Yesterday I was at Marion Bay, Tasmania ... site of one of the most haunting (and, unusually, non-violent) first contact episodes from the colonial era:
Abel Tasman's crew came ashore here on Dec. 1, 1642, the first anchorage they'd been able to find after struggling round the storm-racked south coast of the island.
They found evidence of people and what may have been Tasmanian tigers, but didn't *see* anyone in the open forest.
They saw a fireplace in a hollowed tree and climbing notches carved into a treetrunk to raid birds' eggs.
They concluded from the 5ft distance between the notches that the people must be giants.
They saw no one, but saw smoke from distant fires and heard the sound of a gong.
They saw geese and gulls and ducks, and found a type of samphire growing. That's still the case today.
gutenberg.net.au/ebooks06/06005…
They thought the land was "not cultivated, but growing naturally by the will of God", while unwittingly contradicting themselves by noting the land is "covered with trees standing so far apart that they allow a passage everywhere and a lookout to a great distance".
That open forest is the result of the fire agriculture they noticed sending billows of smoke into the air. These days, the bush is almost impenetrable.
There's nothing there to mark what happened. And ro be honest I don't know why I find this passage so haunting.
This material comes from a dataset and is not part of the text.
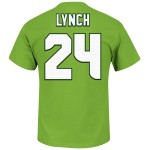Marshawn Lynch #24 Seattle Seahawks NFL Men's Eligible Receiver II T-shirt - Green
There's a Marie Celeste quality to the fact that they didn't see anyone (but were, surely, seen). Even the Tasmanian tiger is present only as footprints and excrement.
There's no shortage of horrible first encounters from this era, and of course Tasmania's later history is among the most brutal of the colonial era. But there's an odd, fairy-tale quality to this passage that's stuck with me.